**Data**
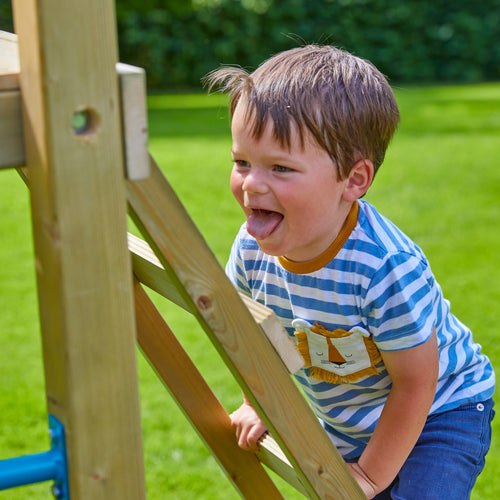 TP Skywood Wooden Play Tower with Ripple Slide, Sky Bridge, Mini Tower & Double Swing Arm - FSC® certified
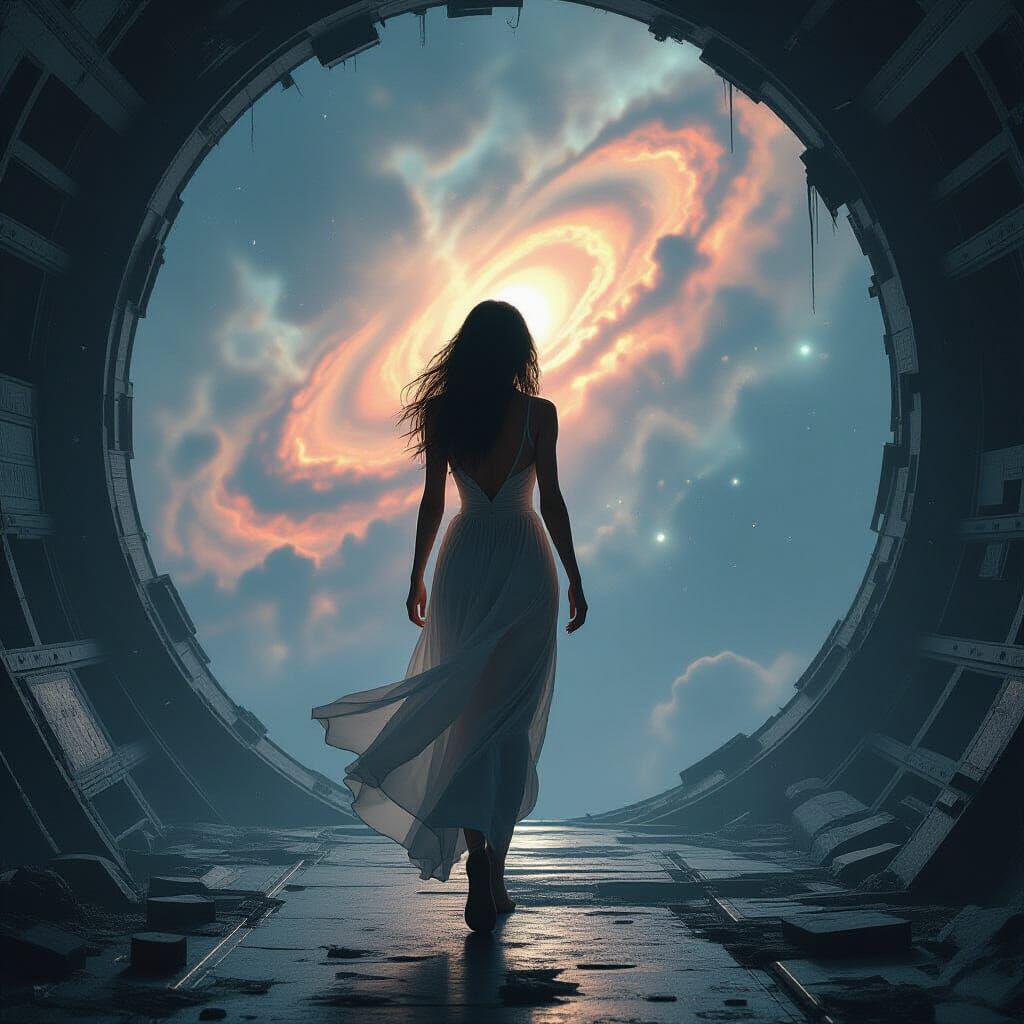 Ethereal Woman Adrift in Cosmic Void Near Crumbling Station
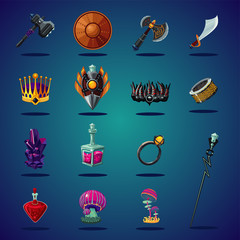 Legendary asset. Set of magic items and resource for computer fantasy game. Isolated cartoon icons set.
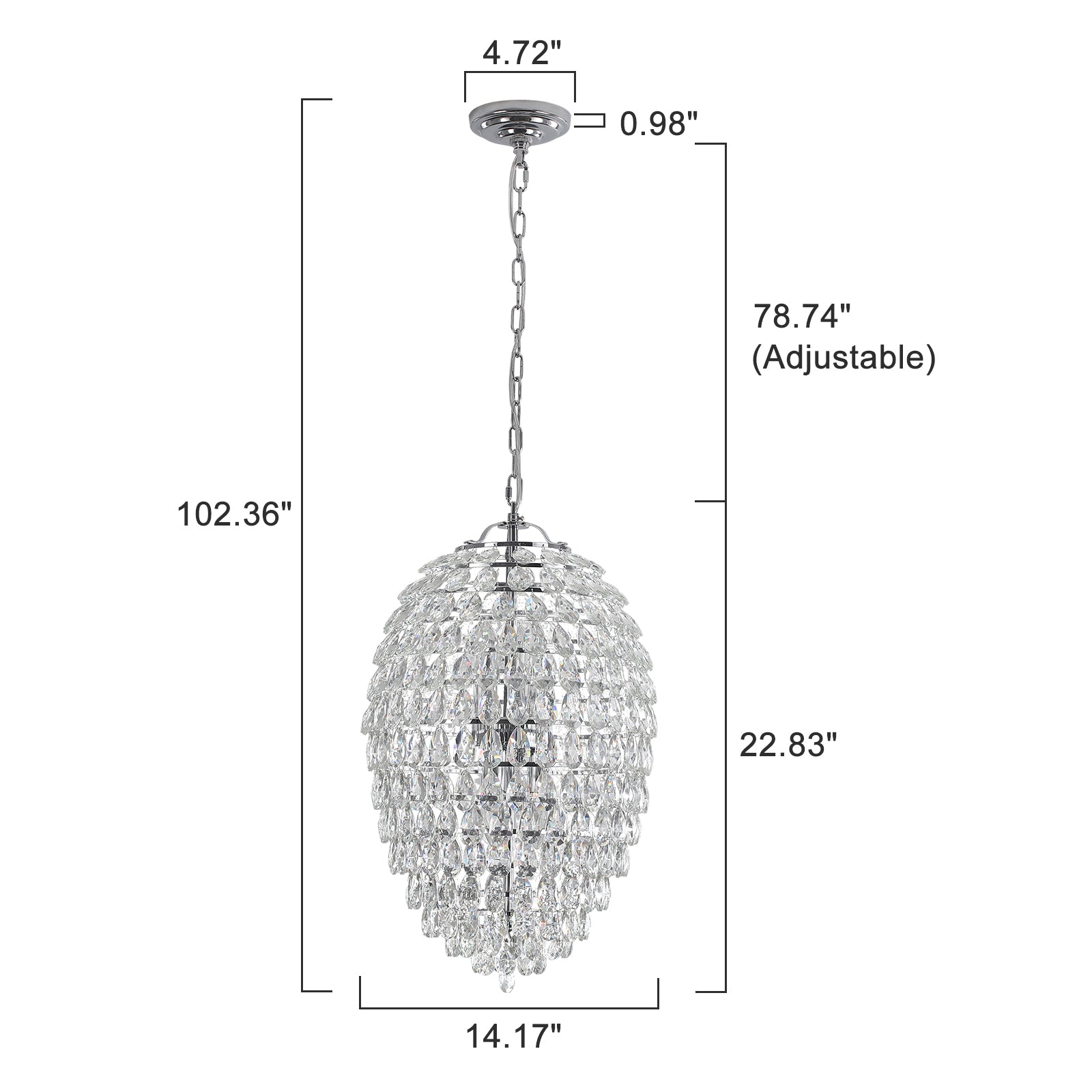 Glowlings 6-flammiger Luxus-Kronleuchter mit 35,6 cm breitem ovalem Chromkristall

**Work item**
Except for the pictures, write the data out exactly.

**Exercise answer**
 TP Skywood Wooden Play Tower with Ripple Slide, Sky Bridge, Mini Tower & Double Swing Arm - FSC® certified
 Ethereal Woman Adrift in Cosmic Void Near Crumbling Station
 Legendary asset. Set of magic items and resource for computer fantasy game. Isolated cartoon icons set.
 Glowlings 6-flammiger Luxus-Kronleuchter mit 35,6 cm breitem ovalem Chromkristall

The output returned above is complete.